Lest you think I had a terrible time, almost all of the panels I attended were totally delightful in that "I really loved English seminars in college" way. My favorite hands-down was The Body and Power: New Black Poetry, with poets Dawn Lundy Martin, Morgan Parker, and Danez Smith, with excellent, thoughtful moderation from cultural consultant and public educator Béalleka. Some moderators—some I saw at Wordstock included—phone it in, asking softies and wasting time telling weird inside jokes.

But Béalleka asked smart questions that weren't easy to answer, and the resultant conversation—at times challenging, always warm and smart as hell—was a joy to witness. I already love Parker's poetry—go read There Are More Beautiful Things Than Beyoncé if you haven't already—but I was equally impressed with off-the-cuff musings on race, poetry, trauma, and bodies from Martin and Smith.

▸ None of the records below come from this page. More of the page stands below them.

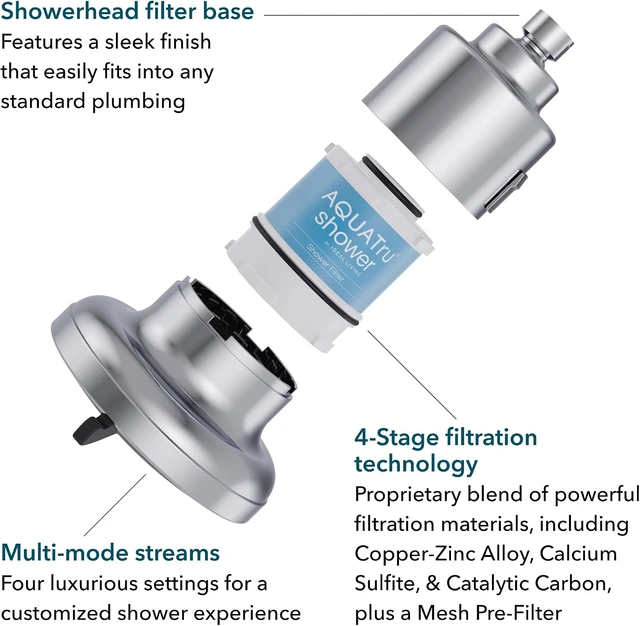 Alt view image 4 of 7 - AquaTru Advanced Shower Filter, Removes Hard Water Impurities for Healthier Skin, Scalp & Hair (Polished Chrome)
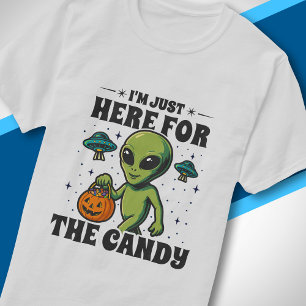 Camiseta Retro Alien Estoy Aquí Solo por los Dulces de Hall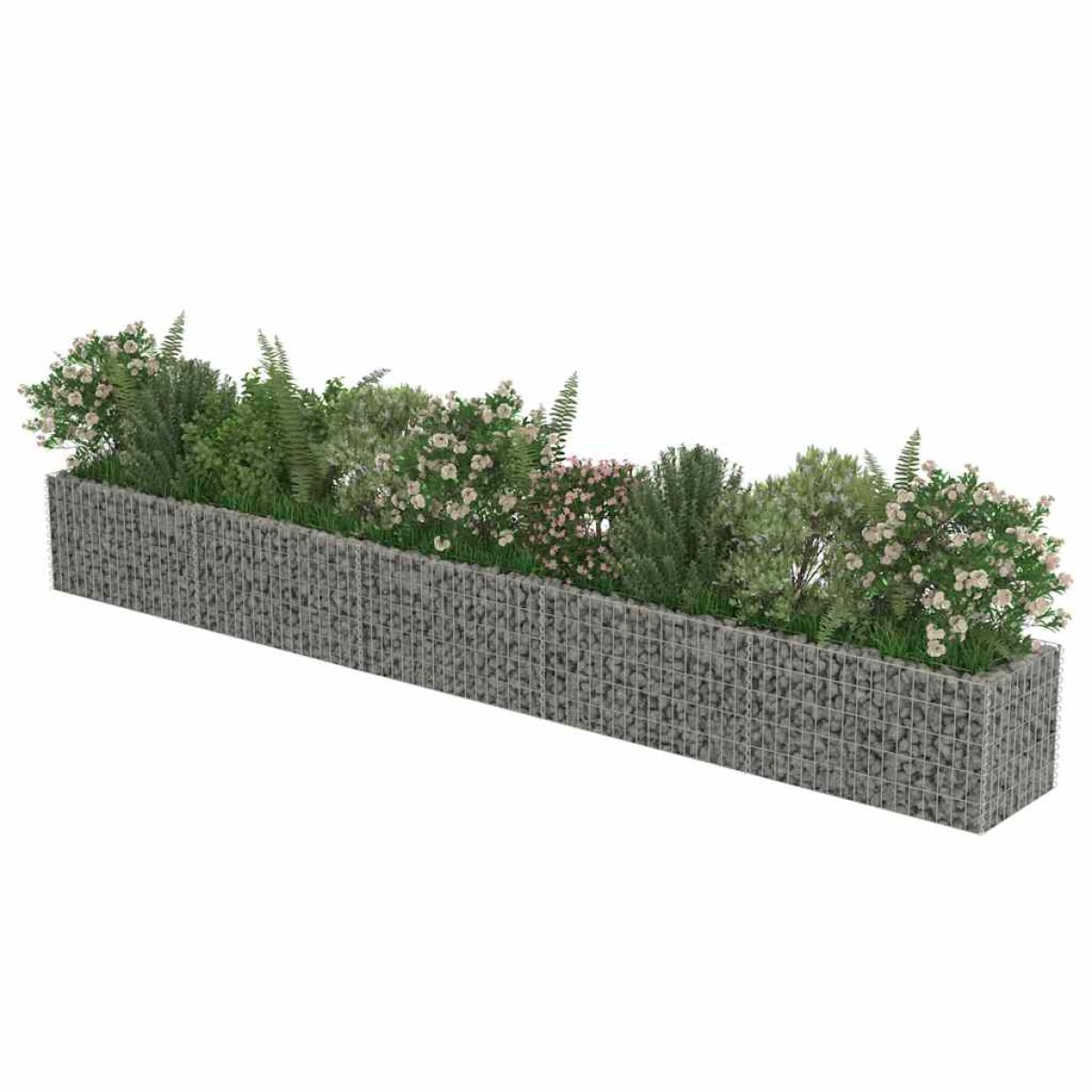 vidaXL Συρματοκιβώτιο-Γλάστρα Υπερυψωμένη 450x50x50 εκ. Γαλβ. Χάλυβας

Smith read from their poem “summer, somewhere," imagining an afterlife for young Black men murdered by police. With lines like "don't call/us dead, call us alive someplace better," it was a vital, beautiful poem that made me want to seek out more of Smith's work. Parker took the often too-academic language around the body to task, saying, "Oh, the body... It's so abstract. The body is a person. Shit is abstract and it need not be because there's a person inside the body."

"Poems are some of the freest spaces," said Smith. "This may be the realest body I have."

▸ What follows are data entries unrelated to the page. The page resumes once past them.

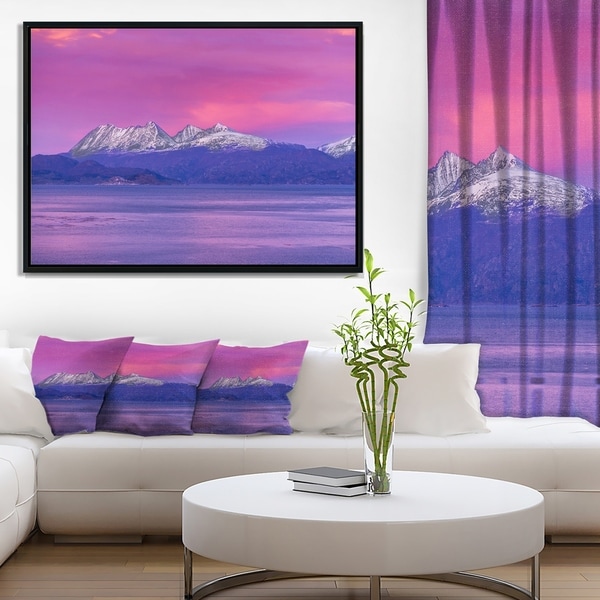 Designart 'Ushuaia Sunrise Argentina' Beach and Shore Framed Canvas Art Print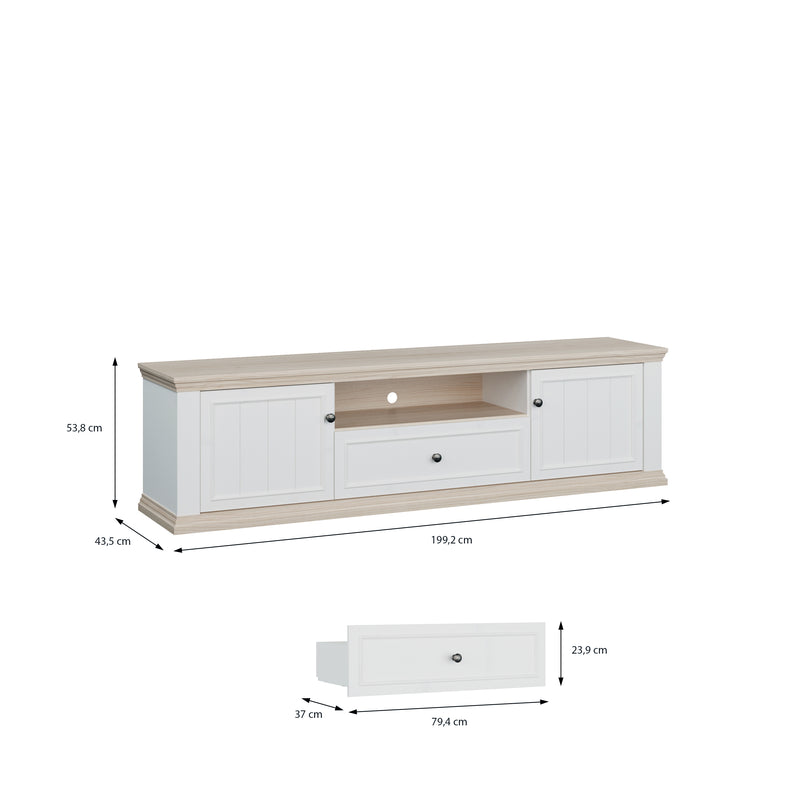 Pontypool Wide TV Unit with 2 Doors, Drawer & Open Shelf in White and Riva Oak – image 9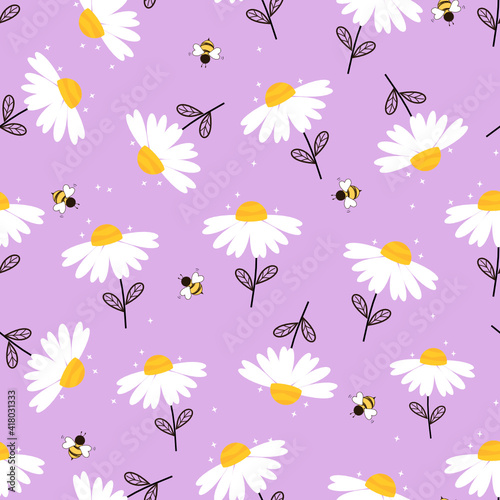 Seamless pattern with daisy flower and flying bee cartoons on purple background vector illustration.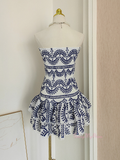 Short Mini A Line Blue Print Strapless Homecoming Dress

Another argument for the body, from Martin: "We often experience the world as objects and not people."

You can probably get a sense of how heady this conversation was. Some conversations make you feel like your brain is expanding just by hearing them. This one—so challenging and complex, with an undertone of defiant joy—was one of those, right down to Parker's insistence that audience questions "better have a question mark at the end," a preference I wish more authors would insist upon at often-onerous audience Q&As.

Equally vital were Ellen Ullman's observations on being a woman in the early years of the tech industry, in a conversation with fellow author Doree Shafrir moderated by the New York Times' (previously the Hairpin's) Jazmine Hughes. Ullman had choice words for everything from the insufferable James Damore ("I could talk for hours and he doesn't deserve hours"), to claims that Google and Facebook will temper inappropriate political content ("Wanting a computer to have more intelligence in this mass situation... it's beyond what a human curator can do."), to advice for women in sexist industries ("Refuse to be sent away").

Oh my god, Ellen Ullman, can you make an app of yourself saying these things?

These panels made my day at Wordstock well worth braving the crowds. But next year, it'd be cool if I could also walk through the bookfair.